> [WORK TO BE COMPLETED] The full data, repeated exactly, is the only answer needed.

> [SOURCE INFORMATION]
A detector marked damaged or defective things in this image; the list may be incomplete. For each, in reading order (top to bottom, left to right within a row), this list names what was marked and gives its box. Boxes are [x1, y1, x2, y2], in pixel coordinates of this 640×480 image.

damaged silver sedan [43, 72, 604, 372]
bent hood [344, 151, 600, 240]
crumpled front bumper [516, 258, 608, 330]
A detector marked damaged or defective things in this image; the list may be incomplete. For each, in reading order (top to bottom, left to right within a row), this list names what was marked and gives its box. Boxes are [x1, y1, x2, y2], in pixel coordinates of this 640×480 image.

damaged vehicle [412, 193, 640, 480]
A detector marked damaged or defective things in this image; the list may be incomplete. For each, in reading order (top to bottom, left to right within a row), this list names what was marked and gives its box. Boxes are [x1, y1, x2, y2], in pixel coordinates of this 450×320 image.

> [FINAL ANSWER]
A detector marked damaged or defective things in this image; the list may be incomplete. For each, in reading order (top to bottom, left to right within a row), this list names what was marked and gives its box. Boxes are [x1, y1, x2, y2], in pixel coordinates of this 640×480 image.

damaged silver sedan [43, 72, 604, 372]
bent hood [344, 151, 600, 240]
crumpled front bumper [516, 258, 608, 330]
A detector marked damaged or defective things in this image; the list may be incomplete. For each, in reading order (top to bottom, left to right within a row), this list names what was marked and gives its box. Boxes are [x1, y1, x2, y2], in pixel coordinates of this 640×480 image.

damaged vehicle [412, 193, 640, 480]
A detector marked damaged or defective things in this image; the list may be incomplete. For each, in reading order (top to bottom, left to right within a row), this list names what was marked and gives its box. Boxes are [x1, y1, x2, y2], in pixel coordinates of this 450×320 image.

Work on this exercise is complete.